*Data provided*
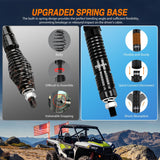 RGB LED Whip Light 2PCS 2FT Spiral Antenna Whips | APP and Remote Control with DIY Chasing Patterns Turn Signal Brake Reverse Functions and Spring Base for ATV UTV RZR and Jeep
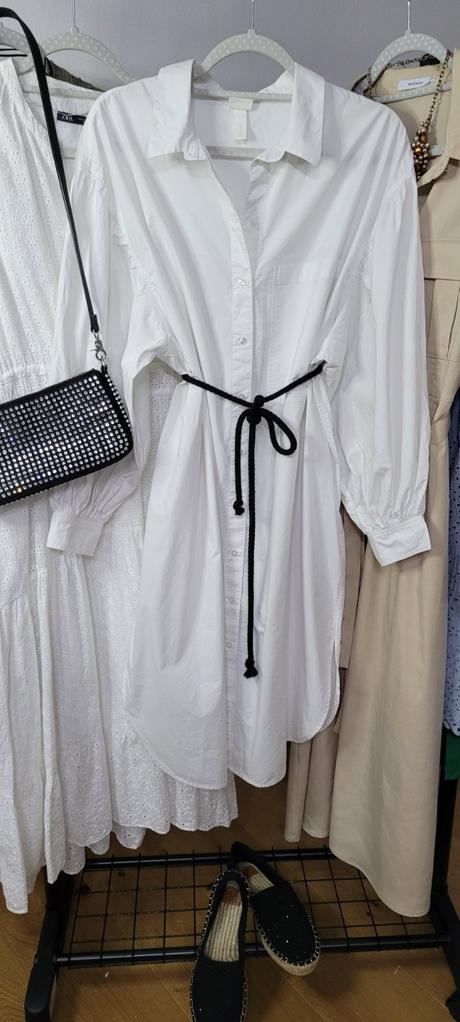 Košeľové šaty h&m, h&m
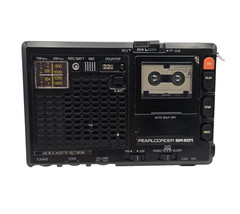 Olympus Pearlcorder SR 501 Microcassette Recorder AM/FM Radio Read Please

*Task brief*
Reproduce the listing word for word, but keep the pictures out of it.

*Reply to the exercise*
 RGB LED Whip Light 2PCS 2FT Spiral Antenna Whips | APP and Remote Control with DIY Chasing Patterns Turn Signal Brake Reverse Functions and Spring Base for ATV UTV RZR and Jeep
 Košeľové šaty h&m, h&m
 Olympus Pearlcorder SR 501 Microcassette Recorder AM/FM Radio Read Please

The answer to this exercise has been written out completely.